■ PROVIDED DATA:
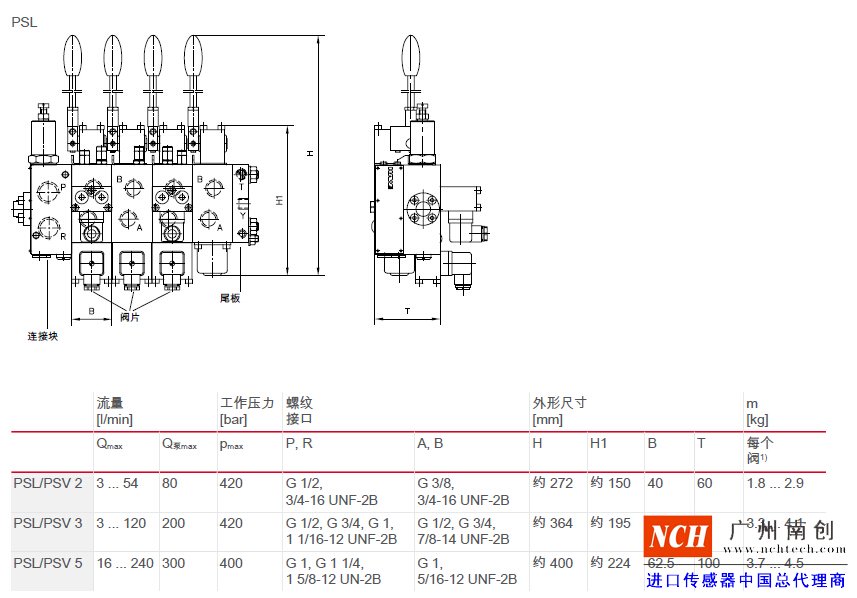 哈威 (HAWE)PSL、 PSV、 PSM 和 SL 型比例多路換向閥主要參數(shù)和尺寸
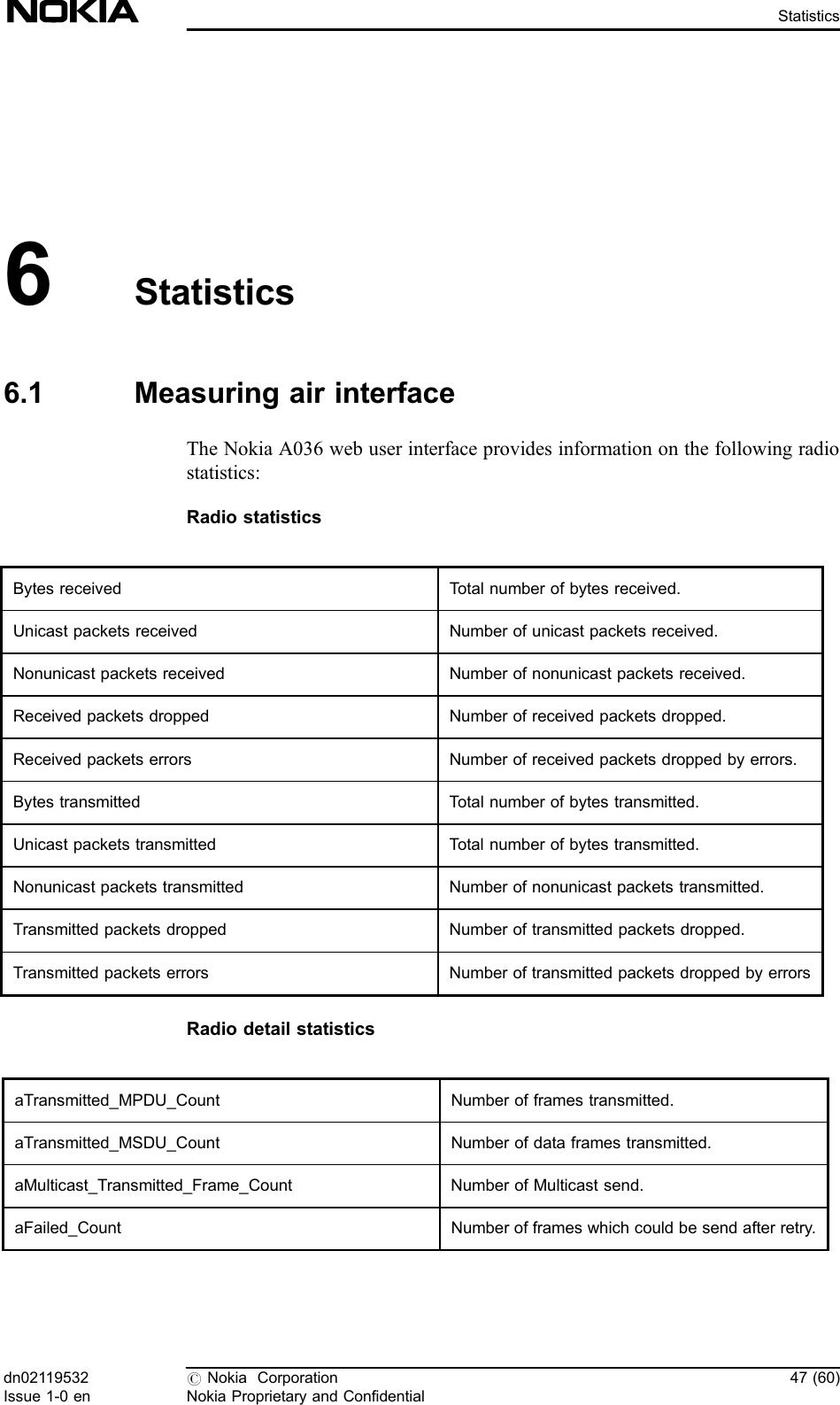 6Statistics6.1 Measuring air interfaceThe Nokia A036 web user interface provides information on the following radiostatistics:Radio statisticsBytes received Total number of bytes received.Unicast packets received Number of unicast packets received.Nonunicast packets received Number of nonunicast packets received.Received packets dropped Number of received packets dropped.Received packets errors Number of received packets dropped by errors.Bytes transmitted Total number of bytes transmitted.Unicast packets transmitted Total number of bytes transmitted.Nonunicast packets transmitted Number of nonunicast packets transmitted.Transmitted packets dropped Number of transmitted packets dropped.Transmitted packets errors Number of transmitted packets dropped by errorsRadio detail statisticsaTransmitted_MPDU_Count Number of frames transmitted.aTransmitted_MSDU_Count Number of data frames transmitted.aMulticast_Transmitted_Frame_Count Number of Multicast send.aFailed_Count Number of frames which could be send after retry.dn02119532Issue 1-0 en#Nokia CorporationNokia Proprietary and Confidential47 (60)Statistics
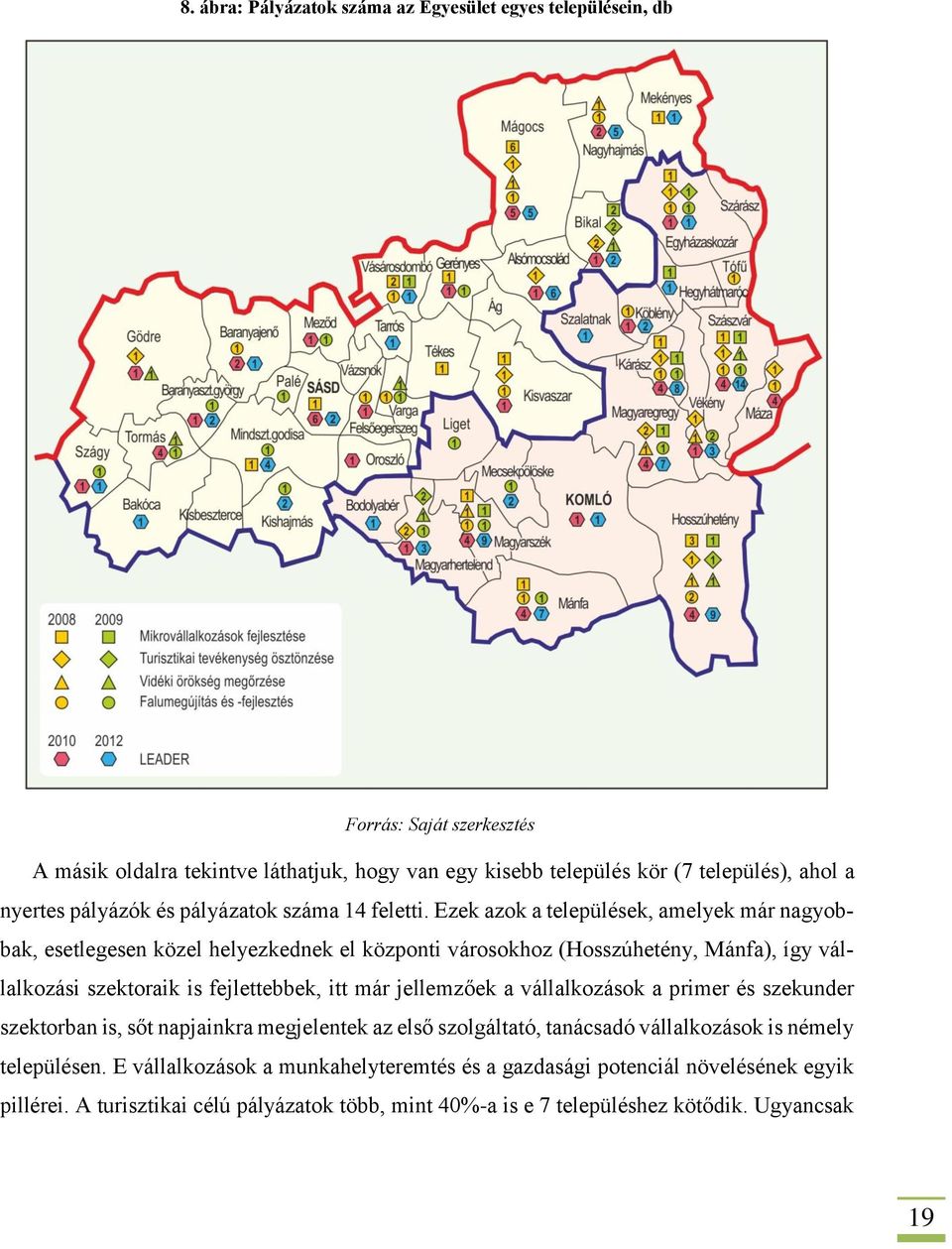 Ezek azok a települések, amelyek már nagyobbak, esetlegesen közel helyezkednek el központi városokhoz (Hosszúhetény, Mánfa), így vállalkozási szektoraik is fejlettebbek, itt már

■ WORK REQUEST: Please write out, word for word, each line from the one with "6Statistics6.1 Measuring air" to the last line of the data, keeping both ends and omitting pictures.

■ WRITTEN SOLUTION:
 6Statistics6.1 Measuring air interfaceThe Nokia A036 web user interface provides information on the following radiostatistics:Radio statisticsBytes received Total number of bytes received.Unicast packets received Number of unicast packets received.Nonunicast packets received Number of nonunicast packets received.Received packets dropped Number of received packets dropped.Received packets errors Number of received packets dropped by errors.Bytes transmitted Total number of bytes transmitted.Unicast packets transmitted Total number of bytes transmitted.Nonunicast packets transmitted Number of nonunicast packets transmitted.Transmitted packets dropped Number of transmitted packets dropped.Transmitted packets errors Number of transmitted packets dropped by errorsRadio detail statisticsaTransmitted_MPDU_Count Number of frames transmitted.aTransmitted_MSDU_Count Number of data frames transmitted.aMulticast_Transmitted_Frame_Count Number of Multicast send.aFailed_Count Number of frames which could be send after retry.dn02119532Issue 1-0 en#Nokia CorporationNokia Proprietary and Confidential47 (60)Statistics
 Ezek azok a települések, amelyek már nagyobbak, esetlegesen közel helyezkednek el központi városokhoz (Hosszúhetény, Mánfa), így vállalkozási szektoraik is fejlettebbek, itt már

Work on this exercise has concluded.